Re: [PATCH] net: 9p: fix possible refcount leak in p9_read_work() and recv_done()

From: Hangyu Hua
Date: Mon Jul 11 2022 - 23:24:48 EST


On 2022/7/11 15:39, asmadeus@xxxxxxxxxxxxx wrote:
Hangyu Hua wrote on Mon, Jul 11, 2022 at 02:59:07PM +0800:
A ref got in p9_tag_lookup needs to be put when functions enter the
error path.

Fix this by adding p9_req_put in error path.

I wish it was that simple.

Did you actually observe a leak? >
diff --git a/net/9p/trans_fd.c b/net/9p/trans_fd.c
index 8f8f95e39b03..c4ccb7b9e1bf 100644
--- a/net/9p/trans_fd.c
+++ b/net/9p/trans_fd.c
@@ -343,6 +343,7 @@ static void p9_read_work(struct work_struct *work)
p9_debug(P9_DEBUG_ERROR,
"No recv fcall for tag %d (req %p), disconnecting!\n",
m->rc.tag, m->rreq);
+ p9_req_put(m->rreq);
m->rreq = NULL;
err = -EIO;
goto error;
@@ -372,6 +373,8 @@ static void p9_read_work(struct work_struct *work)
"Request tag %d errored out while we were reading the reply\n",
m->rc.tag);
err = -EIO;
+ p9_req_put(m->rreq);
+ m->rreq = NULL;
goto error;
}
spin_unlock(&m->client->lock);


for tcp, we still have that request in m->req_list, so we should be
calling p9_client_cb which will do the p9_req_put in p9_conn_cancel.

If you do it here, you'll get a refcount overflow and use after free.



That's a little weird.

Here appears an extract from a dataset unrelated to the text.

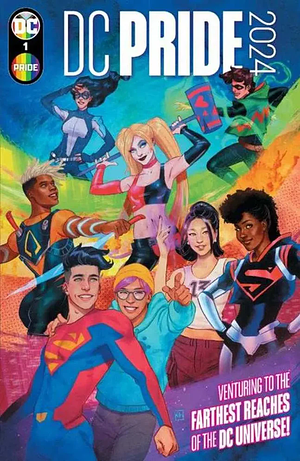 DC Pride 2024 #1 by Jordan Gibson, Nicole Maines, Al Ewing, Al Ewing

If you are right, the three return paths of this function are inconsistent with the handling of refcount.

static void p9_read_work(struct work_struct *work)
{
...
if ((m->rreq) && (m->rc.offset == m->rc.capacity)) {
p9_debug(P9_DEBUG_TRANS, "got new packet\n");
m->rreq->rc.size = m->rc.offset;
spin_lock(&m->client->lock);
if (m->rreq->status == REQ_STATUS_SENT) {
list_del(&m->rreq->req_list);
p9_client_cb(m->client, m->rreq, REQ_STATUS_RCVD); <---- [1]
} else if (m->rreq->status == REQ_STATUS_FLSHD) {
/* Ignore replies associated with a cancelled request. */
p9_debug(P9_DEBUG_TRANS,
"Ignore replies associated with a cancelled request\n"); <---- [2]
} else {
spin_unlock(&m->client->lock);
p9_debug(P9_DEBUG_ERROR,
"Request tag %d errored out while we were reading the reply\n",
m->rc.tag);
err = -EIO;
goto error; <---- [3]
}
spin_unlock(&m->client->lock);
m->rc.sdata = NULL;
m->rc.offset = 0;
m->rc.capacity = 0;
p9_req_put(m->rreq); <---- [4]
m->rreq = NULL;
}
...
error:
p9_conn_cancel(m, err); <---- [5]
clear_bit(Rworksched, &m->wsched);
}

There are three return paths here, [1] and [2] and [3].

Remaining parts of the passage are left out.